In diesem März kam ein Rückschlag aus der Gastroenterologie. Im März häuften sich europaweit Meldungen von meist übergewichtigen Personen mit Botulismus-Erkrankungen. In der Zeit von Ende Februar bis zum 30. März 2023 wurden europäischen Gesundheitsbehörden insgesamt 87 Fälle von iatrogenem Botulismus gemeldet, die meisten aus der Türkei (n = 53) und aus Deutschland (n = 30), aber auch 2 Fälle aus der Schweiz.
Wie die weiteren Nachforschungen ergaben, hatten sich alle Patienten zuvor in der Türkei aufgehalten und erhielten dort in 2 auf Adipositas spezialisierten Privatkliniken im Rahmen von Gastroskopien Injektionen von Botulinum-Neurotoxin (1000 bis 1500 Einheiten) in die Magen-
wand.
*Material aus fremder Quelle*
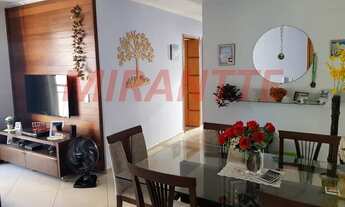 Imagem: Apartamento para venda com 61 metros quadrados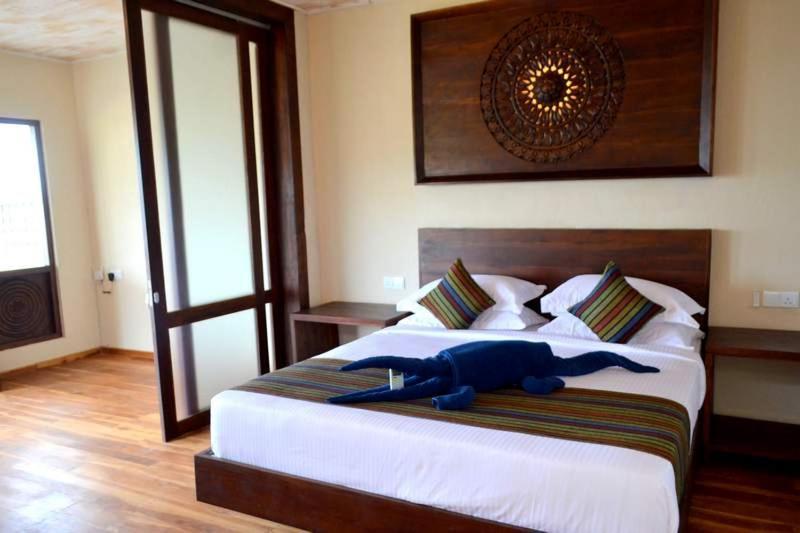 Guru Beach Resort تانجالي المظهر الخارجي الصورة
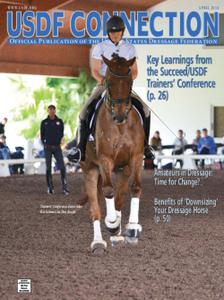YourDressage - March 2014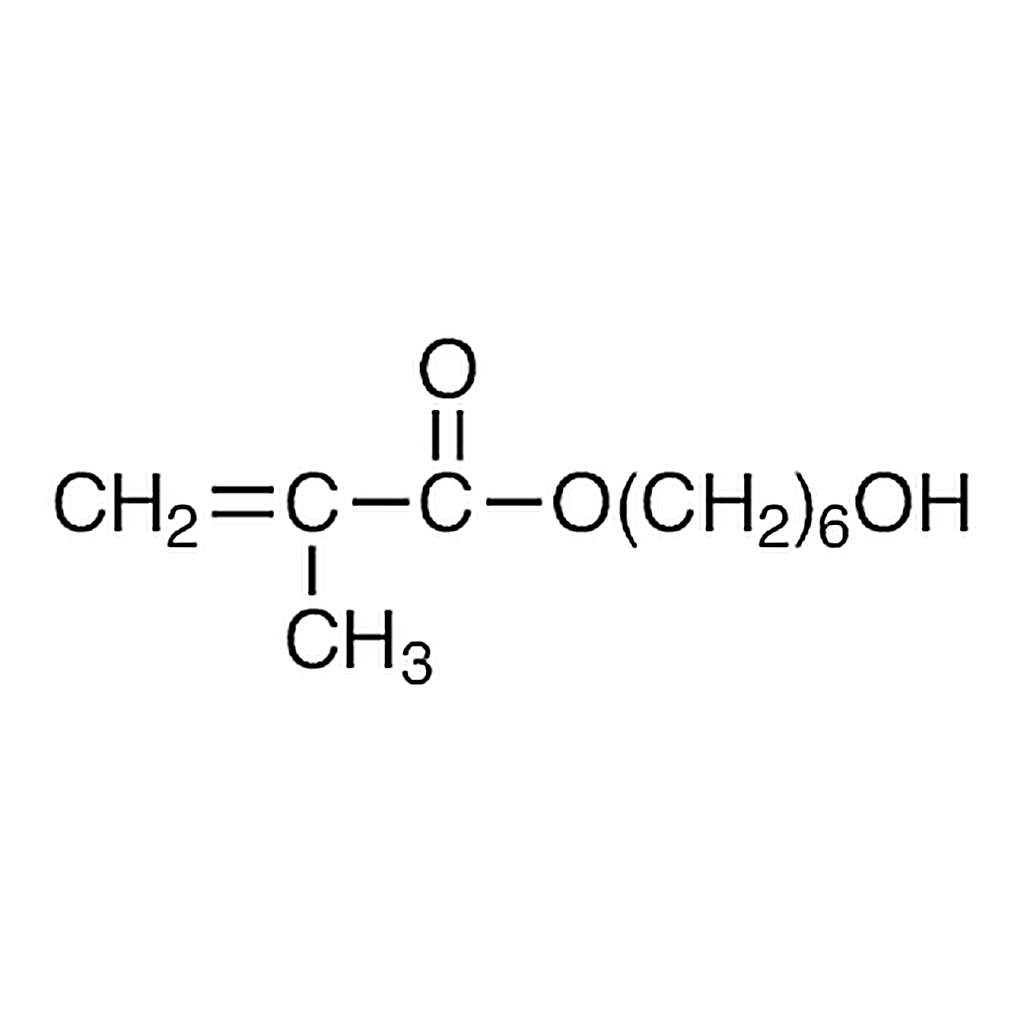 TCI 6-Hydroxyhexyl Methacrylate (stabilized with MEHQ)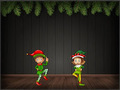 Игра Amgel New Year Room Escape 6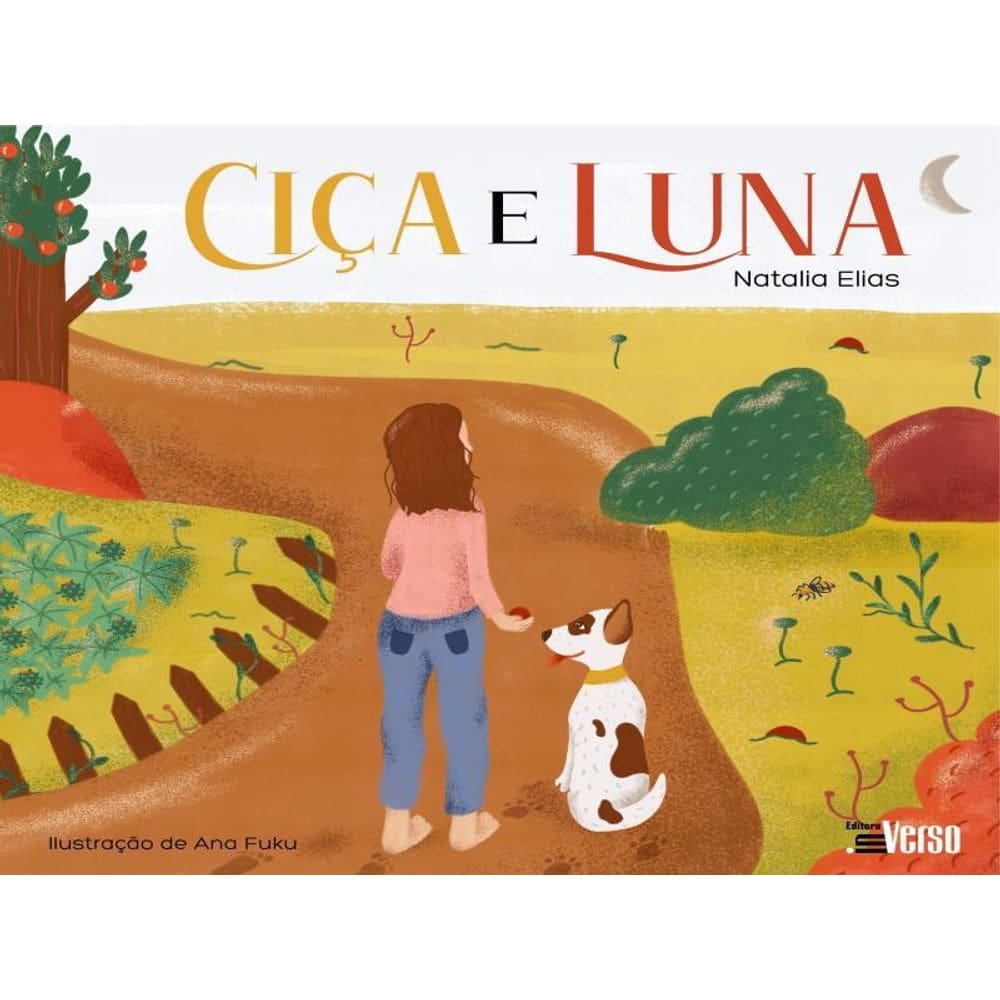 Ciça E Luna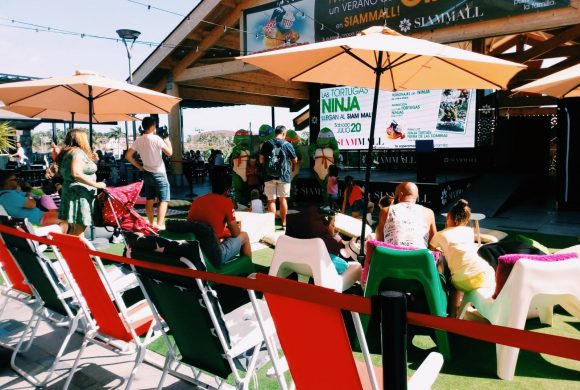 Tenerife: Disfruta de un agosto único en Siam Mall Tenerife: Disfruta de un agosto único en Siam Mall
Die Behandlungen erfolgten alle im Zeitraum vom 3. Februar bis zum 1. März 2023. Aus Deutschland wurde berichtet, dass die eingesetzte BoNT-Dosierung zwischen 1000 und 2500 Einheiten gelegen habe.
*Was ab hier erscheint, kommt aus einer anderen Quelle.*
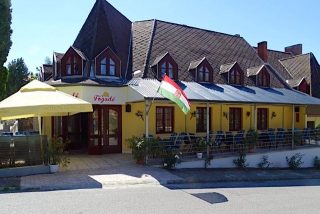Diána Fogadó 28308 Keszthely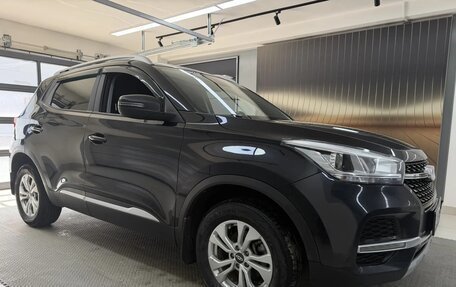 Chery Tiggo 4 I рестайлинг, 2021 год, 1 399 000 рублей, 2 фотография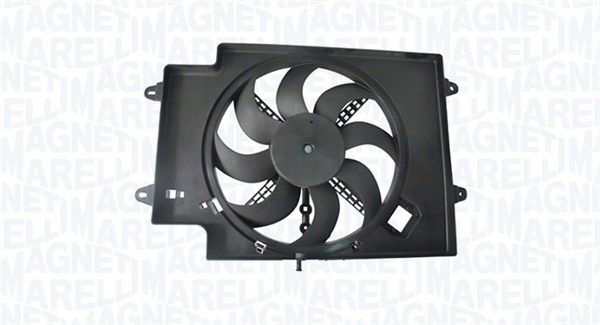 Lüfter, Motorkühlung MAGNETI MARELLI 069422703010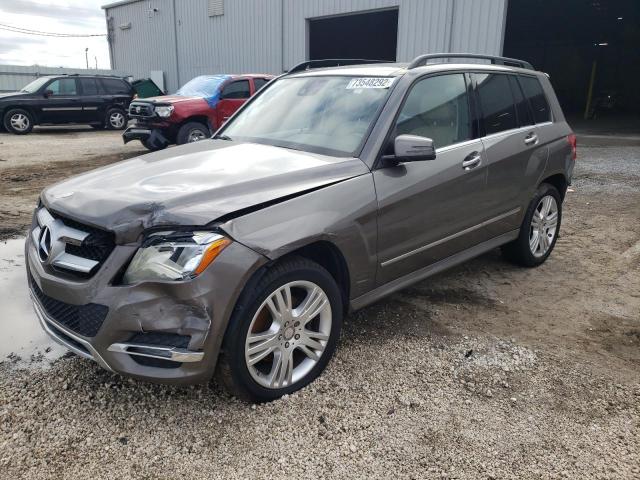 Mercedes-benz Glk 350 (2015)
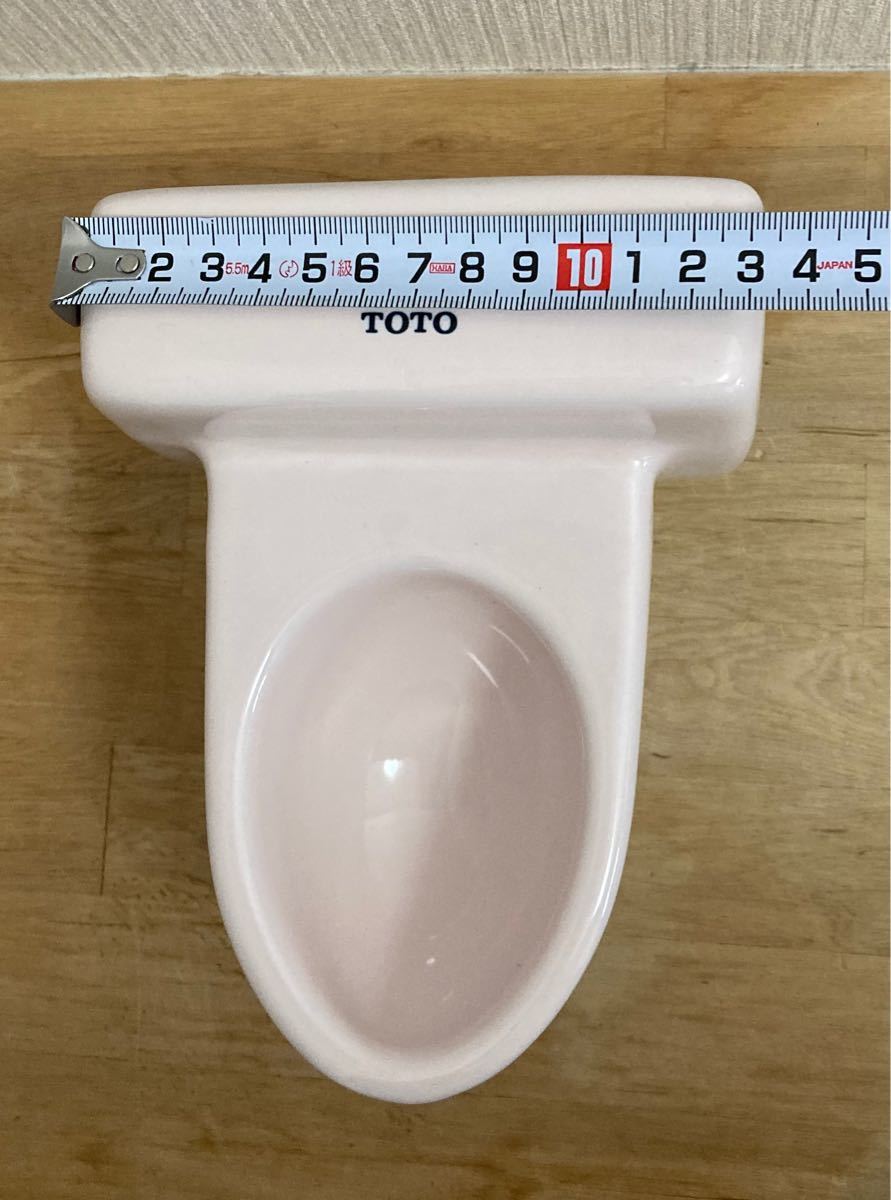 TOTO トイレ ミニチュア便器 2個|Yahoo!フリマ(旧PayPayフリマ) TOTO トイレ ミニチュア便器 2個|Yahoo!フリマ(旧PayPayフリマ)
Die Krankheitsbilder der Betroffenen sind ähnlich wie bei einem Lebensmittelbotulismus. Die Anfangssymptome sind oft unspezifisch; typisch sind Muskelschwäche, Atem- und Schluckbeschwerden. Mehrere der Betroffenen wurden hospitalisiert, mussten zum Teil auf der Intensivstation behandelt werden oder bekamen ein Botulinum-Antitoxin verabreicht.
Die Therapie der Adipositas mit BoNT ist wegen der teilweise widersprüchlichen Resultate umstritten. Dementsprechend findet man in Mitteleuropa kaum Ärzte, die diese Behandlung durchführen. Dagegen sind die Anbieter in der Türkei schnell über Online-Suchmaschinen auffindbar, sie werben mit tausendfacher Erfahrung und mit günstigen Preisen. Auf einer Internetplattform für Medizintourismus kann die Behandlung in Istanbul auch gleich zusammen mit einer Shoppingtour oder auch, für den eher kulturell interessierten Übergewichtigen, mit der «klassischen Istanbul-Tour» gebucht werden.
Nach den Ermittlungen türkischer Gesundheitsbehörden wurden bei den aktuellen Zwischenfällen lizensierte BoNT-Produkte eingesetzt. Allerdings erfolgte der Einsatz dieser Präparate zur Injektion in die Magenwand off-label. Es laufen deshalb Ermittlungen gegen die beteiligten Ärzte und Abteilungen. Was genau bei der aktuellen Häufung der Fälle von iatrogenem Botulismus aus dem Ruder gelaufen ist, ist momentan (Mitte April 2023) immer noch unklar. Der Zwischenfall macht aber deutlich, wie wichtig verlässliche Präparate, erfahrene Behandler mit Fingerspitzengefühl sowie die Einhaltung medizinischer Standards sind.